Investigating how Symbol to_proc works

February 07, 2009
One of the things I love about Ruby is how expressive it is and how with open classes it can be optimized to become even more expressive. Since I started using Ruby I don't think I've written a single for or while loop - something I couldn't have imagined saying with any other language! Of course I do this by using iterators and writing code like
user_names = User.all.collect {|user| user.name }

I recently started discovered I could write the same thing even more concisely (as long as I'm using Rails or Ruby 1.9)
user_names = User.all.collect(&:name)

I decided to investigate how this works.

First I found some good posts by Prag Dave and Ryan Bates and at InfoQ. This helped but I still didn't understand it all so decided to dig further.

First I took a look at how Rails extends Symbol

unless :to_proc.respond_to?(:to_proc)
  class Symbol
    # Turns the symbol into a simple proc, which is especially useful for enumerations. Examples:
    #
    #   # The same as people.collect { |p| p.name }
    #   people.collect(&:name)
    #
    #   # The same as people.select { |p| p.manager? }.collect { |p| p.salary }
    #   people.select(&:manager?).collect(&:salary)
    def to_proc
      Proc.new { |*args| args.shift.__send__(self, *args) }
    end
  end
end


So they defined the to_proc method on symbol and that means the new code will be called when we write &:name because it magically gets transformed into :name.to_proc. I learned something but still needed to learn more to understand how it all works.

Why does the & cause Ruby to call to_proc? I knew that & in the last parameter declaration will pass a provided block as a parameter but this seems to be doing the reverse. Calling a method as an argument but having it interpreted as a block. I tried a couple of experiments in irb

def was_block_given?
  block_given?
end

# As expected
was_block_given? {}
=>  true 
# Passing a proc is not the same as having a block
was_block_given? Proc.new{}
ArgumentError: wrong number of arguments (1 for 0)
  from (irb):195:in 'was_block_given?'
  from (irb):195
  
# Prefixing the proc with an & makes it like a block
was_block_given? &Proc.new{}
=> true

It was not all as I expected but some reading through the PickAxe book led me to a better understanding. I found this paragraph in the Calling A Method section (page 115 in my copy)

If the last argument to a method is preceded by an ampersand, Ruby assumes that it is a Proc object.
It removes it from the parameter list, converts the Proc object into a block, and associates it with the method.


Ok so now I know why when Ruby sees User.all.collect(&:name) it invokes the collect method with name.to_proc as a block.
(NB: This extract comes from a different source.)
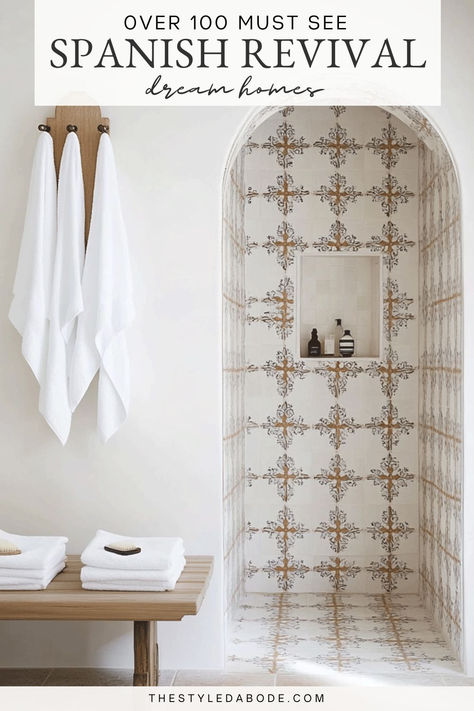 spanish revival bathroom Small Bathroom Remodel Spanish Style, Spanish Mediterranean Modern Interior, Spanish Inspired Bathroom Ideas, Small Spanish Bathroom Ideas, Modern Spanish Bathroom Design, Spanish Revival Bathroom Ideas, Spanish Themed Bathroom, Spanish Bungalow Bathroom, Modern Mediterranean Bathroom Ideas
Next, it was time to figure out why the code Rails put in the to_proc method worked. I took a look at the Rubinius implementation Enumerable

def collect
  ary = []
  if block_given?
    each { |o| ary << yield(o) }
  else
    each { |o| ary << o }
  end
  ary
end

Again I decided to experiment with irb to see what each part of the to_proc implementation was doing. First I redefined the Symbol to_proc again with a puts so I could confirm what was going on.

class Symbol
  # Turns the symbol into a simple proc, which is especially useful for enumerations. Examples:
  #
  #   # The same as people.collect { |p| p.name }
  #   people.collect(&:name)
  #
  #   # The same as people.select { |p| p.manager? }.collect { |p| p.salary }
  #   people.select(&:manager?).collect(&:salary)
  def to_proc
    Proc.new do |*args| 
      puts "to_proc args: #{args.inspect}"
      args_shift = args.shift
      puts "to_proc: #{args_shift.inspect}.__send__(#{self.inspect}, *#{args.inspect})"
      result = args_shift.__send__(self, *args) 
      puts "to_proc result: #{result.inspect}"
      result
    end
  end
end

# Make the call and see what happens
[1].collect(&:to_s)
# to_proc args: [1]
# to_proc: 1.__send__(:to_s, *[])
# to_proc result: "1"
# => ["1"]

Its brute force but tells us everything we need to know. As expected collect yields to our proc/block with the element in a variable length argument [1], it extracts the 1 and sends it the to_s method with no arguments returning the string "1". At this point I think I understand how it all works and decide to confirm by running a few more (more complicated) tests in irb


It all works as expected and I decide I know as much as I need to about this and call it a day.

So why did I bother figuring all this out and then writing it up? Mostly because I didn't know how it worked and thought there was some 'magic' going on. I could have continued using this feature without understanding how it worked but now that I understand how it works if some need ever arises for me to do some similar magic I know how to go about it. As for writing it up I hope someone else may read this and find it useful but by I increased my own understanding through the act of writing.